Marie-Paule Belle allait devenir pour moi une de ces exceptions parce que je me rendis vite compte qu’il y avait de la vraie musique et d’assez bons textes dans son programme.
Avant de le constater, je pris place sans conviction sur un des sièges réservés à la presse, près de la scène. Je sortis un de ces appareils anciens et robustes qui servaient à l’époque à photographier les matchs de ballon dans les grands stades, un équipement peu discret mais silencieux et qui permettait surtout d’éviter l’emploi du flash.
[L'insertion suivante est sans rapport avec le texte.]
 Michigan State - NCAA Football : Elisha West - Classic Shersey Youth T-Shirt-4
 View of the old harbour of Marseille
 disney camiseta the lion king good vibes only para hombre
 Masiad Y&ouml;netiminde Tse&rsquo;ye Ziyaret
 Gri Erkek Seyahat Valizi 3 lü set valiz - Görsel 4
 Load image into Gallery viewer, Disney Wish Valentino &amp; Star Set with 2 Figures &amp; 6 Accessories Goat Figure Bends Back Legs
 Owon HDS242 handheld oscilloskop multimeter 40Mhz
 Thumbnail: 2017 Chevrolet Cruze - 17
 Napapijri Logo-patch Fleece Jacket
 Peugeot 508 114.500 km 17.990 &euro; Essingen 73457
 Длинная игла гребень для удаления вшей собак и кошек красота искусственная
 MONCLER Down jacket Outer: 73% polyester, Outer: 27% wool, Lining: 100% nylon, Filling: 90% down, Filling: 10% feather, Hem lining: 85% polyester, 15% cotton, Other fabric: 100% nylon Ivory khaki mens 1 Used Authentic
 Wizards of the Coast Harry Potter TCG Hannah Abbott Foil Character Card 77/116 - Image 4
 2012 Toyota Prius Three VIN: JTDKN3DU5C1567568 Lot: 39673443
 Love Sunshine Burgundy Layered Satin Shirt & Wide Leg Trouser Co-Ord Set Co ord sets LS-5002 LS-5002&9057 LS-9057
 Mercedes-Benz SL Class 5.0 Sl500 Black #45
Je pensais « craquer » tranquillement quelques photos et somnoler jusqu’à la fin, bien à l’abri des regards dans l’obscurité de la salle car je n’avais aucune envie de me montrer, premièrement parce que j’étais de mauvaise humeur et secondement parce que je m’étais permis d’arriver dans une tenue peu élégante encore aggravée par une barbe de trois jours qui caractérise les adeptes du style branchouille et les journaleux déprimés (j’étais ce soir-là dans la deuxième catégorie).
De toute manière, je n’aime pas apparaître mal rasé en public (j’ai d’ailleurs connu un vieux collègue qui ne venait pas travailler lorsque son rasage n’était pas parfait!), ce que je ne pouvais évidemment moi-même me permettre.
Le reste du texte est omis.